Davide Scotto

Assistant Professor of the History of Christianity and of the Abrahamic Religions, University of Pavia

Davide Scotto is Assistant Professor of the History of Christianity and of the Abrahamic Religions at the University of Pavia. His research examines how Christian scholars—from the Middle Ages to the present—have interpreted Judaism and Islam, as well as the hermeneutical, political, and religious implications of their intellectual engagements. In his work, he pays special attention to source criticism, idealized connections drawn across historical periods, the use of scriptural exegesis to make sense of non-Christian religions, the detection of anachronisms, and the study of contemporary projections onto the past.
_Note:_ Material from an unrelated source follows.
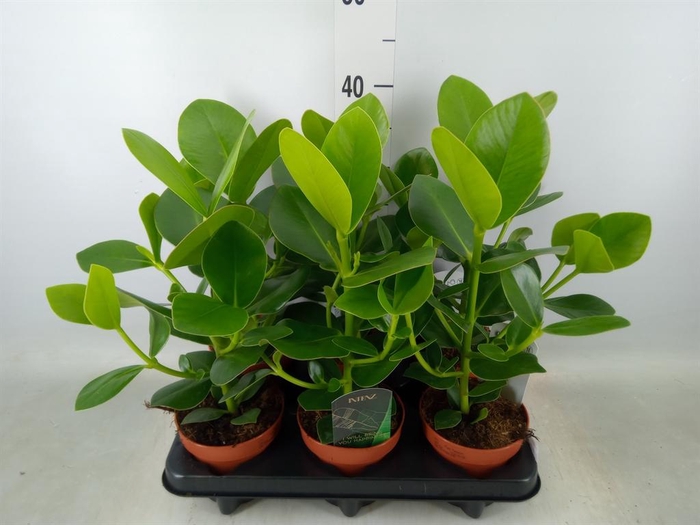 <h4>Clusia rosea 'Princess'</h4>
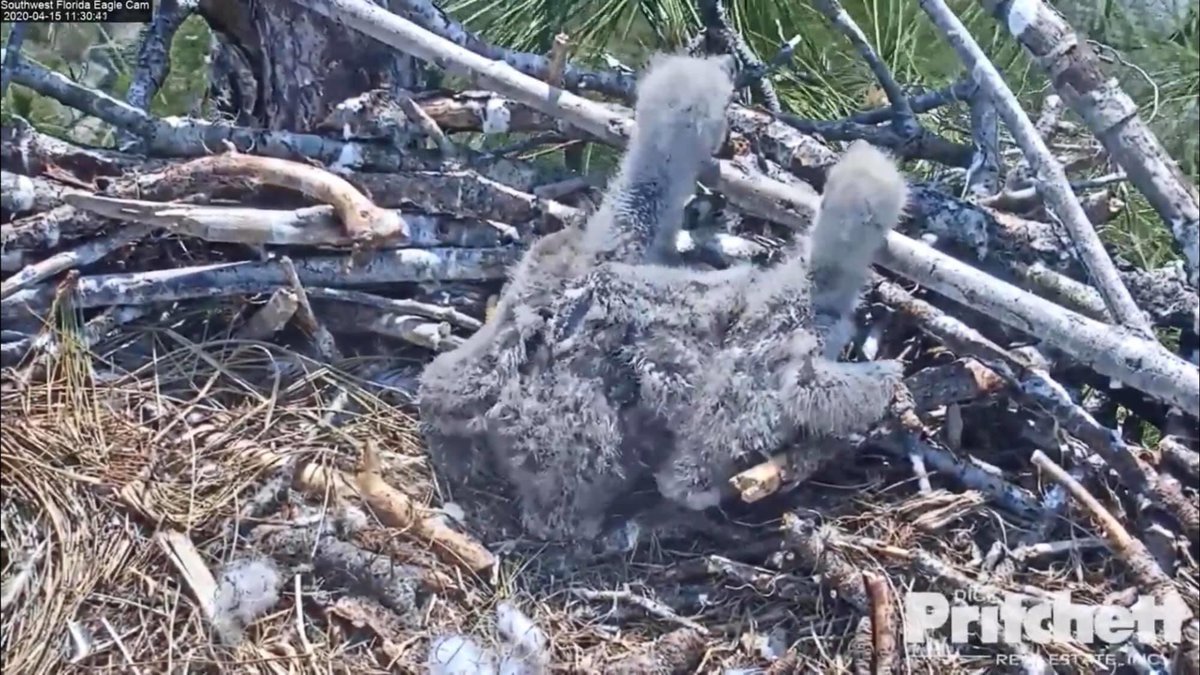 SWFLEagleCAM's tweet photo. Student, Parents and Teachers!: Tomorrow (Thurs, April 16) at 11am ET we will host another Open Classroom Chat. A time dedicated to answering your questions about the Eaglets - Growth, Fledging and Beyond. 

Join in here: https://t.co/YBIKaaUcaX https://t.co/4k37zcp6mv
His recent works focus on the Christian translation and interpretation of the Qur’an between the medieval and early modern periods; programs of conversion and evangelization targeting Jews and Muslims in the Mediterranean; the Christian backdrop of European Orientalists; and the emergence of the concept of Abrahamic religions in the twentieth century. He recently published Juan de Segovia and the Qur’an. Converting the Muslims in Fifteenth-Century Europe (De Gruyter, 2024), and co-edited, with Kurt Villads Jensens, Riccoldo da Monte di Croce (†1320): Missionary to the Middle East and Expert on Islam (Royal Swedish Academy of Letters, History and Antiquities, 2024). He was trained in Church History, Medieval History, and Medieval Latin Philology in Turin, Pavia, and Florence. He has held research and teaching positions at the Protestant Faculty of Theology and the Center for Islamic Theology at the University of Tübingen; at the Consejo Superior de Investigaciones Científicas in Madrid (ERC CORPI); at the Universities of Basel and Frankfurt am Main; and at the University of Naples “L’Orientale” (ERC EuQu). He serves on the editorial board of the Rivista di storia e letteratura religiosa (L.S. Olschki), is a member of the Italian Society of Historians of Christianity (CUSCC), and a fellow of Villa Vigoni, the German-Italian Center for European Dialogue. At Pavia, he co-founded the Center for Interreligious Studies at the Almo Collegio Borromeo.